L'ordinanza in commento approfondisce il tema della valenza probatoria della posta elettronica ordinaria (e-mail), dell'idoneità della stessa ad assolvere il relatvo onere della prova a carico di chi agisce in giudizio e sulla relativa utilizzabilità da parte del Giudice al fine di risolvere la controversia.

"Ai sensi del D.Lgs. 7 marzo 2005, n. 82, art. 1, comma 1, lett. p), (Codice dell'amministrazione digitale), la e-mail costituisce un "documento informatico", ovvero un "documento elettronico che contiene la rappresentazione informatica di atti, fatti o dati giuridicamente rilevanti". L'e-mail, pertanto, seppur priva di firma, rientra tra le riproduzioni informatiche, ovvero fra le rappresentazioni meccaniche indicate, con elencazione non tassativa, dall'art. 2712 c.c. e dunque forma piena prova dei fatti e delle cose rappresentate, se colui contro il quale viene prodotta non ne disconosca la conformità ai fatti o alle cose medesime" (Cass. civ. Sez. VI - 2, Ord., (ud. 20-02-2018) 14-05-2018, n. 11606)

Gli Ermellini rilevano come effettivamente la e-mail costituisca un documento informatico che - in quanto tale - ben può essere annoverato fra quelli ricompresi nell'art. 2712 c.c., il quale prevede appunto come le riproduzioni fotografiche, informatiche o cinematografiche, le registrazioni fonografiche e, in genere, ogni altra rappresentazione meccanica di fatti e di cose formano piena prova dei fatti e delle cose rappresentate, se colui contro il quale sono prodotte non ne disconosce la conformità ai fatti o alle cose medesime.
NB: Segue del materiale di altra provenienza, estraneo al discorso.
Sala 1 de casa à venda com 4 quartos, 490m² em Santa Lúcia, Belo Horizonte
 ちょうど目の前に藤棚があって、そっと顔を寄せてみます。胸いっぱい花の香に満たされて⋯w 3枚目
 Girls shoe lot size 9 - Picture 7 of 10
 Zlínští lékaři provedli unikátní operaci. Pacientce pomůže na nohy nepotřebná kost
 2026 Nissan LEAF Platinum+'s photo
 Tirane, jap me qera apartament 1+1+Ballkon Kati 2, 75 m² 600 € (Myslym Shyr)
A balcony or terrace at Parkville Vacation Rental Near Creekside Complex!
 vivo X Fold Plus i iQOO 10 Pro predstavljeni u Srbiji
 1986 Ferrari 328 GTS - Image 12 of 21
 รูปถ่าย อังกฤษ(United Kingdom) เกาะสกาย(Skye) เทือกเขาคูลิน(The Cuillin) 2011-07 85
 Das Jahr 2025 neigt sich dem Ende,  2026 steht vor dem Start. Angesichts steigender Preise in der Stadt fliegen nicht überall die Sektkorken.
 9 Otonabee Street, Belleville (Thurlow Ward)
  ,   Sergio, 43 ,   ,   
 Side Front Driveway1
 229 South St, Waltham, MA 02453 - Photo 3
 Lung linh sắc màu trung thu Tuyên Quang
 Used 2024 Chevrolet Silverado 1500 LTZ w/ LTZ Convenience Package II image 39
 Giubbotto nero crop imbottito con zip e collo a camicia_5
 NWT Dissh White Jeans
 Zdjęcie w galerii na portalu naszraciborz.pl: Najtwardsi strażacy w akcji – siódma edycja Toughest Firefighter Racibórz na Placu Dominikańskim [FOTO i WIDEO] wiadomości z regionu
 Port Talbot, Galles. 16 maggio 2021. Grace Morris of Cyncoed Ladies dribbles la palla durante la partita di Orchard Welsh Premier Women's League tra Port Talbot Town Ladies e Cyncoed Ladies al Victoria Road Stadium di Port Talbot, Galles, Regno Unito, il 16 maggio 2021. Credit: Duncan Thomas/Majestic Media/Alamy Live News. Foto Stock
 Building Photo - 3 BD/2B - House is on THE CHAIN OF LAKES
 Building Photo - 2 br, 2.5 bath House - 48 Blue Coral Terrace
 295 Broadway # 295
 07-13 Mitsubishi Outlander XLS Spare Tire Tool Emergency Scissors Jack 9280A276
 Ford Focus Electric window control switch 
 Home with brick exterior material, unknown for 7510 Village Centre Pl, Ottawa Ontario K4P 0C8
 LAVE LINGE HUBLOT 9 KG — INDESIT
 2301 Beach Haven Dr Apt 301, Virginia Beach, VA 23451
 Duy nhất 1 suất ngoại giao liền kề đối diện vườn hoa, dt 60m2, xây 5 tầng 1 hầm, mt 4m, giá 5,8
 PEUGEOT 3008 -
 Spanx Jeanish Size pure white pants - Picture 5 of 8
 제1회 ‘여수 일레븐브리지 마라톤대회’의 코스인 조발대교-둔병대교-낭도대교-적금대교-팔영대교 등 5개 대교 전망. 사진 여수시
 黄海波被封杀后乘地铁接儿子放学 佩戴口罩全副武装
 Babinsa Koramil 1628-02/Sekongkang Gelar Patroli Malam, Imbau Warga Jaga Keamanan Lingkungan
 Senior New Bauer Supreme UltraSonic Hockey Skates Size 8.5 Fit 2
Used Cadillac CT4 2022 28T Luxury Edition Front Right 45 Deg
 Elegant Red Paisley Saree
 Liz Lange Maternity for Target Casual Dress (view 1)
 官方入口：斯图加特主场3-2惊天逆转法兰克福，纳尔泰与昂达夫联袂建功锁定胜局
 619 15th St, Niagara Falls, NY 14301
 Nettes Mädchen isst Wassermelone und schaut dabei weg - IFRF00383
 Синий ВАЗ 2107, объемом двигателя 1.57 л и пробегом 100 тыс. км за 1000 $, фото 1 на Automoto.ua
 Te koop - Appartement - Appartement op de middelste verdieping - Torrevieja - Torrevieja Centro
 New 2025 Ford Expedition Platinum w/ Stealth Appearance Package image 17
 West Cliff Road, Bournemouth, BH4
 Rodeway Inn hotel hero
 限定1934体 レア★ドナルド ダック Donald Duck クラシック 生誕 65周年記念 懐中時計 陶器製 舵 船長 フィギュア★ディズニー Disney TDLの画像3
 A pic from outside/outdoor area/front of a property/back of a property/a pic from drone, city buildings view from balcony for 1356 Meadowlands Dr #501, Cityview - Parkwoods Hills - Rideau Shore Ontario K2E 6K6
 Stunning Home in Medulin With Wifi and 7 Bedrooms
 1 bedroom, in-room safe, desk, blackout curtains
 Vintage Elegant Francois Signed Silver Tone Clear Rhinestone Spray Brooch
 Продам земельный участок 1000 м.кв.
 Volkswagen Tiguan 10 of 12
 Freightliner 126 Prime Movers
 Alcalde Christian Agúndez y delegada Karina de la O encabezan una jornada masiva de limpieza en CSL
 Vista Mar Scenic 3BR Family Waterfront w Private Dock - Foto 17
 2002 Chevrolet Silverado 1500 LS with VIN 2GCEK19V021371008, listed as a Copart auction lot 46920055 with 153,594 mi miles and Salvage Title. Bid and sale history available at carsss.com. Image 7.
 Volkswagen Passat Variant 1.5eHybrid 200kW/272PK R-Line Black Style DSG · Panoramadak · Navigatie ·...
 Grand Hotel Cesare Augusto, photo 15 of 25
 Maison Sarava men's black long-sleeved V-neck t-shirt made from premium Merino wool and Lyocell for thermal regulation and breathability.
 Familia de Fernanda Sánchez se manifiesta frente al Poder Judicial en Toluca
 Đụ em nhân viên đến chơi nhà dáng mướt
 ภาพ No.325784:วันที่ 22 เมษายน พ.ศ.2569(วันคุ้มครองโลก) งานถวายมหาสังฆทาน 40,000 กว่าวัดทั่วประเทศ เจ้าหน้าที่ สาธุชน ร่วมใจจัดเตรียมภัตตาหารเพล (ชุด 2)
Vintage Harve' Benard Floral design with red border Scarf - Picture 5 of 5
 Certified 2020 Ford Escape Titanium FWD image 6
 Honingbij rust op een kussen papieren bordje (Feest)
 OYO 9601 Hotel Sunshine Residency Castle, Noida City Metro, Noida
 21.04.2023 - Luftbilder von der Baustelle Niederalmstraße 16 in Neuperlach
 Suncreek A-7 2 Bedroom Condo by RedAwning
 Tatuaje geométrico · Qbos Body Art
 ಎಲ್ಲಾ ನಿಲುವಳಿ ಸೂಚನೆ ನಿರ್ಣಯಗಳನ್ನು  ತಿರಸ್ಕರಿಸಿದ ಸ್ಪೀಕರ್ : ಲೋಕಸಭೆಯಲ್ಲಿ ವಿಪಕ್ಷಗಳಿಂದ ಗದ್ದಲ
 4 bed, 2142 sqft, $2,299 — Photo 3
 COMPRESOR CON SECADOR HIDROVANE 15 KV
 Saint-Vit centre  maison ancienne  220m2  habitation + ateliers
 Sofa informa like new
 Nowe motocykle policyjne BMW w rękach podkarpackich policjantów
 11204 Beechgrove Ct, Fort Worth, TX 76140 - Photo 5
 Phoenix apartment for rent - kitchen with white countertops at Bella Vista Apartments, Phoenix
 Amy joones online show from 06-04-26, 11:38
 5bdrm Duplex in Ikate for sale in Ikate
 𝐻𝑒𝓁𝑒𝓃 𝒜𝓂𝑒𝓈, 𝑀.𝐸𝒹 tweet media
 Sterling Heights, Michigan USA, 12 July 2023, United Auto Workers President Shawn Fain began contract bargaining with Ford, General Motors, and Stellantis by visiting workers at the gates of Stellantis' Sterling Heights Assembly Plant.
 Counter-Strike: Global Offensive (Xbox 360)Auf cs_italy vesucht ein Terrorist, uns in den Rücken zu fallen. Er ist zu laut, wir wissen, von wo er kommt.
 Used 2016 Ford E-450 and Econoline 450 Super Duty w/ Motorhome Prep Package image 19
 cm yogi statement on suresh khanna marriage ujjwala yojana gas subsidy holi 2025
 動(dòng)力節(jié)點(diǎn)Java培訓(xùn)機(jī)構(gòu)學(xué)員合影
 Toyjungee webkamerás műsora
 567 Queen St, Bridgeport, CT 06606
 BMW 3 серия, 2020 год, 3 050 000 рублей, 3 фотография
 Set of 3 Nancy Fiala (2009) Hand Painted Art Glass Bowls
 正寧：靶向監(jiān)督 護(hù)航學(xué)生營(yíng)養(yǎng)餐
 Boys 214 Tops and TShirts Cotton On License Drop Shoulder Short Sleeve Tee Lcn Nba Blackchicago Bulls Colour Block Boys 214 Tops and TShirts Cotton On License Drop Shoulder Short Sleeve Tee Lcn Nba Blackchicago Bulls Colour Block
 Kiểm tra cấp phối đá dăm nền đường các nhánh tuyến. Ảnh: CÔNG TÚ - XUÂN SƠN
Tale lettura è resa possibile dal combinato disposto della citata norma, con l'art. 1 co. I lett. p) del D.Lgs. 7 marzo 2005, n. 82, il quale definisce il documento informatico come il documento elettronico che contiene la rappresentazione informatica di atti, fatti o dati giuridicamente rilevanti.

Alla luce di quanto sopra pare evidente come - in caso di mancata contestazione da parte di colui contro cui il documento viene prodotto - il Giudice di merito possa legittimamente ritenere provati i fatti sulla base dei quali si è agito in giudizio per far valere un diritto, senza dover ulteriormente istruire la causa tramite l'escussione delle prove orali.

5. La forma del disconoscimento

La Corte di Cassazione ribadisce come la mancata contestazione da parte di colui contro cui le riproduzioni informatiche sono prodotte, ha la diretta conseguenza di ritenere pienamente provate le circostanze di fatto e di diritto ivi rappresentate. Si rende necessario dunque, comprendere come tale contestazione debba essere sollevata, onde scongiurare tali effetti negativi in capo a chi ne abbia interesse.

La norma non detta alcuna specifica circa le modalità del disconoscimento e - dunque - è la giurisprudenza ad aver colmato la lacuna del legislatore.

E' innanzitutto pacifico come, la contestazione prevista dall'art. 2712 c.c., non segua le regole previste per il disconoscimento della scrittura privata (artt. 214 ss. c.p.c.). Infatti la rimostranza circa l'autenticità dei fatti riprodotti, non ha gli stessi effetti di cui all'art. 215 c.p.c. e dunque - in caso di mancata verificazione - non viene precluso l'utilizzazione del documento, potendo essere utilizzato quale elemento indiziario, o verificando l'autenticità attraverso altri elementi di prova, comprese le presunzioni.

Inoltre, la parte che contesti la corrispondenza di quanto riprodotto sul documento informatico con la realtà dei fatti, ha l'onere di specificare quali elementi ed in che modo essi siano difformi, non potendosi limitare ad una generica contestazione, seppur non si rende necessaria alcuna forma sacramentale.

"In tema di efficacia probatoria delle riproduzioni informatiche di cui all'art. 2712 cod. civ., il "disconoscimento" che fa perdere ad esse la qualità di prova, pur non soggetto ai limiti e alle modalità di cui all'art. 214 cod. proc. civ., deve tuttavia essere chiaro, circostanziato ed esplicito, dovendosi concretizzare nell'allegazione di elementi attestanti la non corrispondenza tra realtà fattuale e realtà riprodotta" (Cass. civ. Sez. lavoro, 17/02/2015, n. 3122)

Secondo la dottrina - inoltre - il disconoscimento segue le stesse regole per la contestazione dei fatti allegati in causa e, quindi, può essere effettuata nel corso dell'intero giudizio di primo grado e, anche, per la prima volta in appello.